Once you find the line with "Obraz premium Abstract" in the data that follows, repeat it and every line after it exactly, through the line with "an empty living".

**INFORMATION GIVEN**

[Start of section]

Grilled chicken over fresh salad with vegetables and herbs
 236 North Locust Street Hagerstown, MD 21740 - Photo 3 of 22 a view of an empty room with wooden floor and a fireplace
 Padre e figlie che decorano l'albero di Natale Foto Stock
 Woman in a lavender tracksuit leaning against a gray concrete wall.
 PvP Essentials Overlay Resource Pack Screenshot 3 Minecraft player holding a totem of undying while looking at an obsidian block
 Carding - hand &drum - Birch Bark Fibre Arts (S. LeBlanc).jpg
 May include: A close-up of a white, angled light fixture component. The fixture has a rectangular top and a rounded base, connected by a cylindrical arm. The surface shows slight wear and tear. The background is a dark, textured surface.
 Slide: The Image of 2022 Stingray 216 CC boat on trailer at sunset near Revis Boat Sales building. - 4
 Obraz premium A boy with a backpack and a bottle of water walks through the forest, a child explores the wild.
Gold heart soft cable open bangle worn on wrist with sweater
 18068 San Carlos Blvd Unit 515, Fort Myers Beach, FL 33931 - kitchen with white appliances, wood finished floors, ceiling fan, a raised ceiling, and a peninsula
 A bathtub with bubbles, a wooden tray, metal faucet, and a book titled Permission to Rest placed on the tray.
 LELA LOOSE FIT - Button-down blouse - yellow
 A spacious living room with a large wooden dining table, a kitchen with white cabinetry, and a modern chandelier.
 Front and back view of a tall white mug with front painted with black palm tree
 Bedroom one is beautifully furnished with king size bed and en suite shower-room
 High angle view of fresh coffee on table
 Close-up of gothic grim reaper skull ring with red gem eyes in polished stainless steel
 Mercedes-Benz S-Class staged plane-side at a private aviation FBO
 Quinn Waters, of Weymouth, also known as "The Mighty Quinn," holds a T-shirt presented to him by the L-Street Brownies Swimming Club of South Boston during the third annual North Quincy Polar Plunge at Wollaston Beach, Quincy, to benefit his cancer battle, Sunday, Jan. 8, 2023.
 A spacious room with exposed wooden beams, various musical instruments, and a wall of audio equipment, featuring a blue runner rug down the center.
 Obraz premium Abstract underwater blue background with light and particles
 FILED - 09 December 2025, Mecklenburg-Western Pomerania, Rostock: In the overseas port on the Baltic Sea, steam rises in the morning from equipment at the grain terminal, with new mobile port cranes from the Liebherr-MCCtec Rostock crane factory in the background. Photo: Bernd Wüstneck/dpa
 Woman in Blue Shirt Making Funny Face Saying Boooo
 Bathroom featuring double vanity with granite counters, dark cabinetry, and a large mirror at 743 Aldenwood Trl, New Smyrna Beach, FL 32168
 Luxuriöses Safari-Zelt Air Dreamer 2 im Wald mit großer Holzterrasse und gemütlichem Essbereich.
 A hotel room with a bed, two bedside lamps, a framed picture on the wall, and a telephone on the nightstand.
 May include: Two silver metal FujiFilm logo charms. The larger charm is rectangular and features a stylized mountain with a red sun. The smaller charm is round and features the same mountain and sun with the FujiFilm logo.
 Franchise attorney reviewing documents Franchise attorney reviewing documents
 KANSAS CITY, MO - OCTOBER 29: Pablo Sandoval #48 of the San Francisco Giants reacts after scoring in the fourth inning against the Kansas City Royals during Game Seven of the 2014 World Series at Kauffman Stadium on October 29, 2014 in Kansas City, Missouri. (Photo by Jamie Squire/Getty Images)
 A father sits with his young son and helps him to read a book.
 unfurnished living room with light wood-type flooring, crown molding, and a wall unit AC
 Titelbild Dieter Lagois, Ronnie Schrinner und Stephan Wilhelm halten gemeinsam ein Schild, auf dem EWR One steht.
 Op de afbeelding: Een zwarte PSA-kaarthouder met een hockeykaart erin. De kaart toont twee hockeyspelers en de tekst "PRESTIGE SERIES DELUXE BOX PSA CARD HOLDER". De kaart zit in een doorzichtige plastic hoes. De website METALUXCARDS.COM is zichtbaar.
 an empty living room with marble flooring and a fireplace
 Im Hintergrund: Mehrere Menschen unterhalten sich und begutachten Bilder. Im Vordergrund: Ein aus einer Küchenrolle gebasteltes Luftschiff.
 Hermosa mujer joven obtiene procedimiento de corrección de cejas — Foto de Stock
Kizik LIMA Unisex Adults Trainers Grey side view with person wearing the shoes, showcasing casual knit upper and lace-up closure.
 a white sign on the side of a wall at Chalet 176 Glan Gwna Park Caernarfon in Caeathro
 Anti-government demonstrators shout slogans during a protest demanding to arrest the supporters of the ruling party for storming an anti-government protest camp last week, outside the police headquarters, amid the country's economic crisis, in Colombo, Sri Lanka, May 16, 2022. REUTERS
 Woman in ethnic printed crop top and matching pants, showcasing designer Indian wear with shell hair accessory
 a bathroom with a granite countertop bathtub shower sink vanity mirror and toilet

[End of section]

**EXERCISE RESPONSE**
 Obraz premium Abstract underwater blue background with light and particles
 FILED - 09 December 2025, Mecklenburg-Western Pomerania, Rostock: In the overseas port on the Baltic Sea, steam rises in the morning from equipment at the grain terminal, with new mobile port cranes from the Liebherr-MCCtec Rostock crane factory in the background. Photo: Bernd Wüstneck/dpa
 Woman in Blue Shirt Making Funny Face Saying Boooo
 Bathroom featuring double vanity with granite counters, dark cabinetry, and a large mirror at 743 Aldenwood Trl, New Smyrna Beach, FL 32168
 Luxuriöses Safari-Zelt Air Dreamer 2 im Wald mit großer Holzterrasse und gemütlichem Essbereich.
 A hotel room with a bed, two bedside lamps, a framed picture on the wall, and a telephone on the nightstand.
 May include: Two silver metal FujiFilm logo charms. The larger charm is rectangular and features a stylized mountain with a red sun. The smaller charm is round and features the same mountain and sun with the FujiFilm logo.
 Franchise attorney reviewing documents Franchise attorney reviewing documents
 KANSAS CITY, MO - OCTOBER 29: Pablo Sandoval #48 of the San Francisco Giants reacts after scoring in the fourth inning against the Kansas City Royals during Game Seven of the 2014 World Series at Kauffman Stadium on October 29, 2014 in Kansas City, Missouri. (Photo by Jamie Squire/Getty Images)
 A father sits with his young son and helps him to read a book.
 unfurnished living room with light wood-type flooring, crown molding, and a wall unit AC
 Titelbild Dieter Lagois, Ronnie Schrinner und Stephan Wilhelm halten gemeinsam ein Schild, auf dem EWR One steht.
 Op de afbeelding: Een zwarte PSA-kaarthouder met een hockeykaart erin. De kaart toont twee hockeyspelers en de tekst "PRESTIGE SERIES DELUXE BOX PSA CARD HOLDER". De kaart zit in een doorzichtige plastic hoes. De website METALUXCARDS.COM is zichtbaar.
 an empty living room with marble flooring and a fireplace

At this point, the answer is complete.